Wednesday, 31 August 2011

Hydatid cysts brain

A 34 y o male with headache, nausea and vomiting.
Here is his MRI Brain, Axial T2, T1, FLAIR, Diffusion, Post contrast T1w images with MR Spectroscopy.
This MRI study of Brain shows:
Multiple intra axial round to ovoid unilocular cystic signal intensity focal lesions in supra tentorium as well as posterior fossa.
Fluid content of cyst is not very clear as it is hyperintense on FLAIR due to incomplete signal suppression of fluid, debris is seen in dependent portions.
The lesion in posterior fossa show no perilesional odema, lesions in parietal regions show mild odema underneath the lesion (may indicate an associated inflammation or a superadded infection).
None show restricted diffusion on DW images.
No significant mass effect.
Thin uniform thickness wall, non enhancing on post contrast T1w images.
On single voxel MR Spectroscopy at short TE of  35ms from right to left;
At 1.3 ppm - sharp doublets of lactate.
At 2.01ppm - no peak of NAA.
At 3.03ppm - no peak of Creatinine.
At 3.2ppm - no peak of Choline.

Imaging diagnosis : Hydatid cysts. 

Follow up not available.


Echinococcus (hydatid disease) affecting the CNS, is caused by E granulosis most commonly and E multilocularis.
Dogs or other carnivores are definitive hosts.
Sheep or cattle are intermediate hosts.
Humans are secondarily infected by ingestion of food or water contaminated with parasite eggs.
Parasite from GI tract to portal system, lymphatics.
Infection usually occurs in liver and lungs.

Typical imaging findings are large uni or multilocular cyst, isodense to CSF on CT and MRI. No edema and enhancement is typical.
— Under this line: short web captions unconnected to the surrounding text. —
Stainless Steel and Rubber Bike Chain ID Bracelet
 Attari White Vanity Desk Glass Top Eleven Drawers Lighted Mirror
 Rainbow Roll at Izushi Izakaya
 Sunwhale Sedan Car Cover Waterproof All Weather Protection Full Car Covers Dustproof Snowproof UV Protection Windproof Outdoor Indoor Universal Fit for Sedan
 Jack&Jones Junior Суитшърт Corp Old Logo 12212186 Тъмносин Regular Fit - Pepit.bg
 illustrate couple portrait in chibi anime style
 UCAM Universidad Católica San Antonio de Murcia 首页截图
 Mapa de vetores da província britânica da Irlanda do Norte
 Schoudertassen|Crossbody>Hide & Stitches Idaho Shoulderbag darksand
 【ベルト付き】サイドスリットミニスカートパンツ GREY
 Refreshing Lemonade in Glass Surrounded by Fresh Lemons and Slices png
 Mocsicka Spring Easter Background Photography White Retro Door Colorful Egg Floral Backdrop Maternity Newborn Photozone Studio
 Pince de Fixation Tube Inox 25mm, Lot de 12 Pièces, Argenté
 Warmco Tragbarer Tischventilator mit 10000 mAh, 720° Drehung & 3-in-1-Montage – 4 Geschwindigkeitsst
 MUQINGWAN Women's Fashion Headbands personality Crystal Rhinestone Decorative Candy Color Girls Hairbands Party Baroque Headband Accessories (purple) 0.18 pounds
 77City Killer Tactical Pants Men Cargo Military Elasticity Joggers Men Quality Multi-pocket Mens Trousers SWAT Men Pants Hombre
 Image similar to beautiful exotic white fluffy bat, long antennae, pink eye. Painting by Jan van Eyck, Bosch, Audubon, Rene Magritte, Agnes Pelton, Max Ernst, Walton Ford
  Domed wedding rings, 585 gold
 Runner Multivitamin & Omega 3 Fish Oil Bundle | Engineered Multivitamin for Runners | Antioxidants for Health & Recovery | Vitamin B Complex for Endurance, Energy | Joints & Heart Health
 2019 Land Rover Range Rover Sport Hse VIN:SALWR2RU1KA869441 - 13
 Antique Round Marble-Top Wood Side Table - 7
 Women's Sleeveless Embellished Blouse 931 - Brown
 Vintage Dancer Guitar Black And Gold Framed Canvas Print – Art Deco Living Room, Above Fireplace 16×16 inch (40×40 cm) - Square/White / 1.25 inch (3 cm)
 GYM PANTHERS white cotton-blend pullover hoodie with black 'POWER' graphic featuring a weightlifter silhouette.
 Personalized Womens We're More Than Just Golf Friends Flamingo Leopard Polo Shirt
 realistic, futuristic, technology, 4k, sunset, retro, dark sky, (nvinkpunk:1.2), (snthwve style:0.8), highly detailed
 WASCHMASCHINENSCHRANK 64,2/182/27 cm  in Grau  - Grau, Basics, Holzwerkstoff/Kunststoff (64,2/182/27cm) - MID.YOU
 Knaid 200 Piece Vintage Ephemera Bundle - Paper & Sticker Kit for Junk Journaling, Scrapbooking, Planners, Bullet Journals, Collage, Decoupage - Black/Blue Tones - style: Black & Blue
Fine peripheral enhancement may be seen on MRI. Calcification rare.

Primary or metastatic (primary often known)
Thick, irregular margin enhancement typical.
T2 hypointense rim and restricted diffusion is typical.
Perilesional odema.
Porencephalic cyst
Encephalomalacia +/- surrounding gliosis
Typically communicates with ventricle

Clinical presentation
Occur at all ages but commonly affect children and young adults.
Signs and symptoms depend up on location of the lesion.
Lesion develops slowly over many years. May get complicated by rupture, hemorrhage, secondary infection

Variable, ranges from oral therapy to lesion resection.


Njenga Mburu said...

Radiology is so wide. Broad thinking necessary as depicted by the varying cases you present to us.

Anonymous said...

why is the posterior fossa one different on flair compared to the supratentorial ones?

Dr Balaji Anvekar said...

Acutally the posteror fossa lesion is the most typical one without odema.